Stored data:
--*--

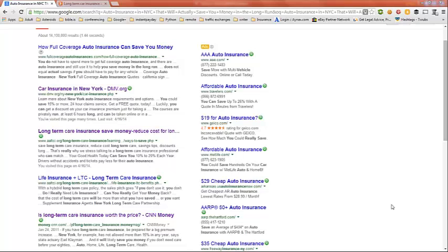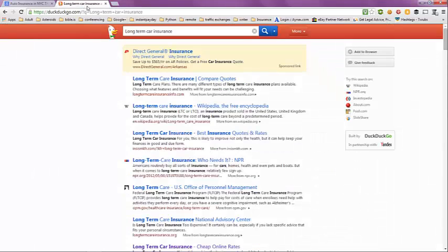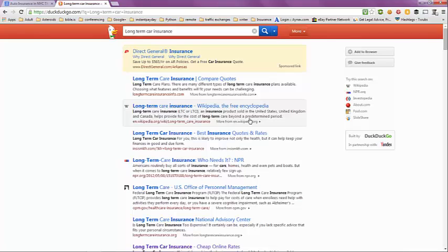I also did a DuckDuckGo search on long-term car insurance and I got the same results. It was mostly long-term care, really nothing credible for long-term car insurance.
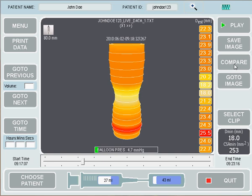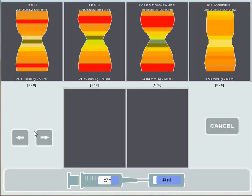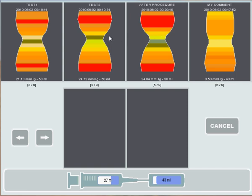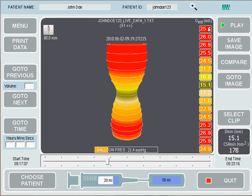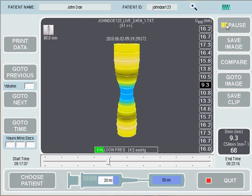If we knew that something interesting happened after we took a snapshot, we may like to watch the procedure from that point. If we press Go to Image and scroll to the snapshot we like — let's say test two — and press OK, it will go to that image. This is where the image was taken, and we can press Play and view from where this image was taken.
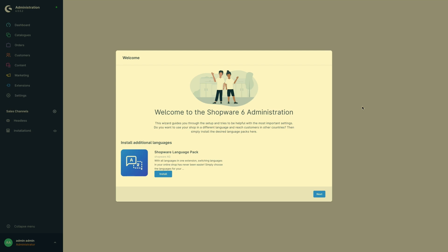The wizard helps you to set up your shop step by step. So don't skip anything. Just take your time for this.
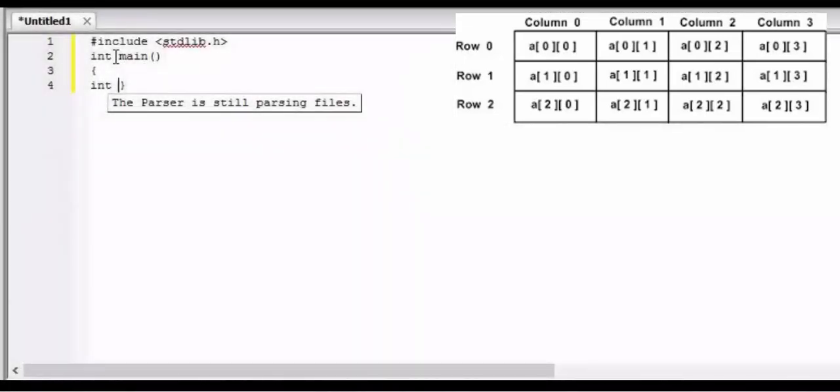Hello guys, welcome to Massdigi tutorials. I am Apoor and in this tutorial we are going to learn about multidimensional arrays. In the last video we learned how to create a one-dimensional array and store data in it.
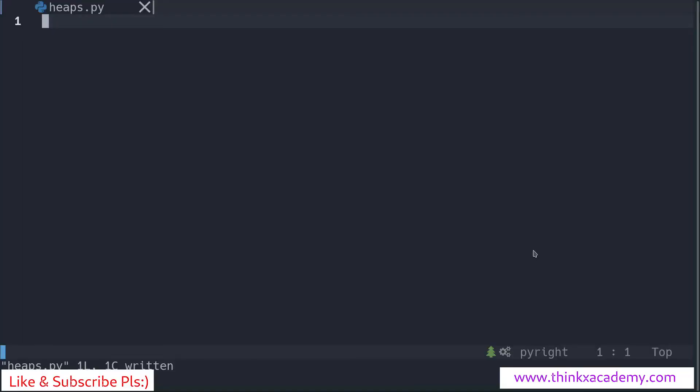Hi Thinkers, welcome to the data structures in Python course on Thinkase Academy. Let's try to implement the heap data structure. In the previous tutorial, we have briefly studied about the algorithm, so let's try to implement it here.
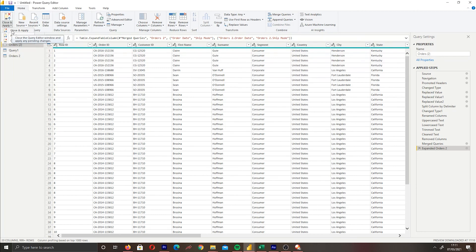I've covered pretty much all the basic transformations you can make in Power Query. These are generally what you'll be doing — anything beyond this needs to be done in the back end or with DAX. This is the standard set of transformations to standardize your data. If this video helped you, don't forget to give it a like and subscribe. It's the Power BI Guy, and I'll see you next time.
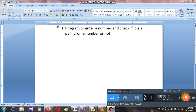Good morning students, I'm Amlaes Kumar. Today I'm going to discuss the palindrome number — what is the palindrome number and how we can check any number to determine if that number is palindrome or not. It's a basic program. This is a program to enter a number and check if it is a palindrome or not.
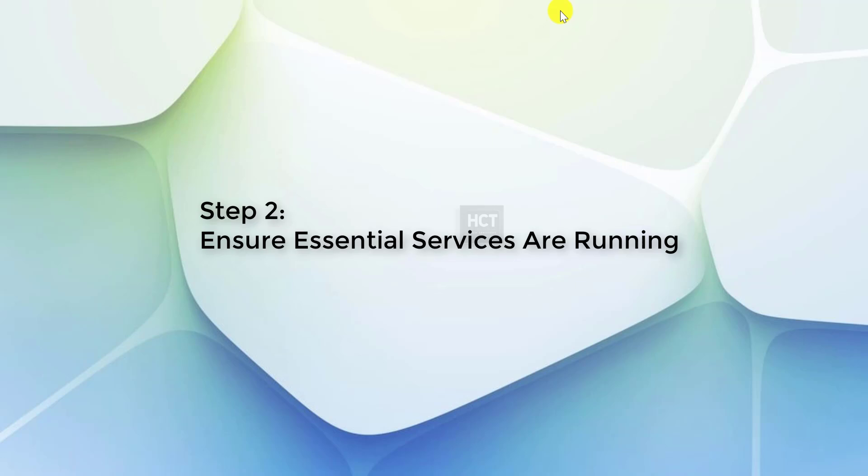Step 2: Ensure Essential Services Are Running. In this step, we'll check and ensure the necessary services are started and set to run automatically. Follow these steps carefully.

--*--

• **TASK DETAILS**: Restate the data above word for word, so that the only difference is the missing pictures.

• **ANSWER**:
I also did a DuckDuckGo search on long-term car insurance and I got the same results. It was mostly long-term care, really nothing credible for long-term car insurance.
If we knew that something interesting happened after we took a snapshot, we may like to watch the procedure from that point. If we press Go to Image and scroll to the snapshot we like — let's say test two — and press OK, it will go to that image. This is where the image was taken, and we can press Play and view from where this image was taken.
The wizard helps you to set up your shop step by step. So don't skip anything. Just take your time for this.
Hello guys, welcome to Massdigi tutorials. I am Apoor and in this tutorial we are going to learn about multidimensional arrays. In the last video we learned how to create a one-dimensional array and store data in it.
Hi Thinkers, welcome to the data structures in Python course on Thinkase Academy. Let's try to implement the heap data structure. In the previous tutorial, we have briefly studied about the algorithm, so let's try to implement it here.
I've covered pretty much all the basic transformations you can make in Power Query. These are generally what you'll be doing — anything beyond this needs to be done in the back end or with DAX. This is the standard set of transformations to standardize your data. If this video helped you, don't forget to give it a like and subscribe. It's the Power BI Guy, and I'll see you next time.
Good morning students, I'm Amlaes Kumar. Today I'm going to discuss the palindrome number — what is the palindrome number and how we can check any number to determine if that number is palindrome or not. It's a basic program. This is a program to enter a number and check if it is a palindrome or not.
Step 2: Ensure Essential Services Are Running. In this step, we'll check and ensure the necessary services are started and set to run automatically. Follow these steps carefully.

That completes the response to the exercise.